At this point in the history of information technology, there is no way to introduce a new processor that does not appeal to the hyperscalers and cloud builders. But it is another thing entirely to design a chip aimed only at these customers.
And that is precisely what Ampere Computing, the upstart Arm server chip maker headed by former Intel president Renee James and backed by the big checkbook of private equity firm The Carlyle Group, says that it is doing with its “Quicksilver” Altra line of processors, which are being branded and unveiled more fully today.
The resurgent AMD has largely been able to get a toehold once again in the datacenter because its Epyc server chips were designed to address the specific needs of these hyperscaler and cloud builder customers, and therefore have a chance to ramp faster because of the large number of servers that these companies install each year. It is widely believed that chip maker Qualcomm was enticed to enter the Arm server fray several years ago with its Centriq line of chips with the encouragement and support of Google, which has also backed IBM’s Power processors through the OpenPower Foundation as a means of keeping pressure on Intel, which has essentially owned datacenter compute for the past decade and which ahs the gross margins to prove it. Qualcomm, like Broadcom and Samsung before it, had other and bigger fish to fry and exited the Arm server business in May 2018, leaving Marvell the dominant supplier of Arm chips for datacenter compute with its ThunderX2 line. But it has been several years since these chips were updated, but as we reported in December, there is a ThunderX2, based on 7 nanometer manufacturing processes, in the wings for 2020 and it looks like Marvell will be on a two year cadence. Amazon Web Services looks to be on an annual cadence with its homegrown “Graviton” server chips, and any speculation that Ampere Computing had AWS lined up as a potential server customer – the prior brand on the “Skylark” line of X-Gene 3 chips it got when it acquired the X-Gene intellectual property created by true Arm server chip upstart Applied Micro – is just idle talk. For now. (Those chips were branded eMAG, which could have been short for “Microsoft Amazon Google” or “Microsoft Alibaba Google.”)
Ampere Computing – we have to use its full name not to confound search engines when Nvidia releases its “Ampere” generation of GPU engines – is going to be on a much tighter cadence, getting back to an annual rhythm of updates that was the norm in the computer business for many years and that Intel let slip as its competitors were vanquished from the glass house and, quite frankly, allowed it to coast quite a bit and still rake in the money. Face it: You would have done the same thing as Intel if it was you. Server chip makers have been chasing Intel since the Great Recession faded in 2010, and only now is Intel feeling the burn bad enough that it has to rejigger the “Cascade Lake” Xeon SP line to make a price cut look like a revamp.

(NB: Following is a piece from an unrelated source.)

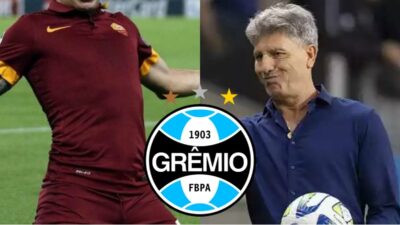 Reforço ao Grêmio de Renato Gaúcho (Fotos: Reprodução/ Iconsport/ Roma/ CP/ Montagem)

We are not going to get into the whole history of Ampere Computing today, but a small review is in order. The company was set up in the spring of 2018 to chase the hyperscalers and cloud builders, and by the wall the Skylark chips, which were a tweak on the existing X-Gene 3 designs, were getting into the hands of early customers. As 2019 was winding down, we touched base with Ampere Computing to get a sense of where the next-gen Quicksilver processors were at and what the future roadmap looked like, and today, the Quicksilver chip is being given its Altra brand name and the feeds and speeds – as well as the design philosophy – of this and future Altra chips beyond the Quicksilver device are being divulged.
We already knew that the Quicksilver chip was going to have 80 cores – that’s a big number – and was not going to use a variant of the homegrown X-Gene core created by Applied Micro and tweaked by Ampere Computing for the eMAG 1 chip, but would rather be based on the “Ares” cores used in Arm Holding’s Neoverse N1 platform. The Quicksilver chip uses Ampere’s own mesh interconnect for on-die communication, and it is a monolithic die rather than a chiplet design that will be etched in the 7 nanometer processes created by fab partner Taiwan Semiconductor Manufacturing Corp.
AMD has a PC chip business, so it is no surprise that it would be on the front end of chiplet designs that gang up multiple chips inside of a socket. But there are some penalties to be paid in terms of latencies across the dies and the complexity of making the package.
“I think the vectors of that decision about chiplets versus monolithic falls into two buckets,” explains James tells The Next Platform. “One is cost, and if you allow cost to lead you might end up in the wrong place. The other one is performance, and if you are careful with your design and performance is your objective, you would hang with monolithic as long as you can – knowing that you can’t forever. The way that you disaggregate is almost as important as the decision to disaggregate. Not all chiplets are made the same and with a lot of the designs, the way that people are disaggregating may not end up allowing the scalability and performance that is required. So then you have to redesign. Coming from a background of monolithic, you would expect the team at Ampere to be efficient designers and that performance was our high order bit. We understood the need to disaggregate and we have a multi-chip roadmap, but we want to be smart about it and not rush it. And I think given the performance of the Altra chip and the health of the tape out, I feel like that ended up being a wise decision. And it wasn’t an obvious decision in the face of AMD and in the face of what people were saying in the industry. It sounded scary when we went down the path.”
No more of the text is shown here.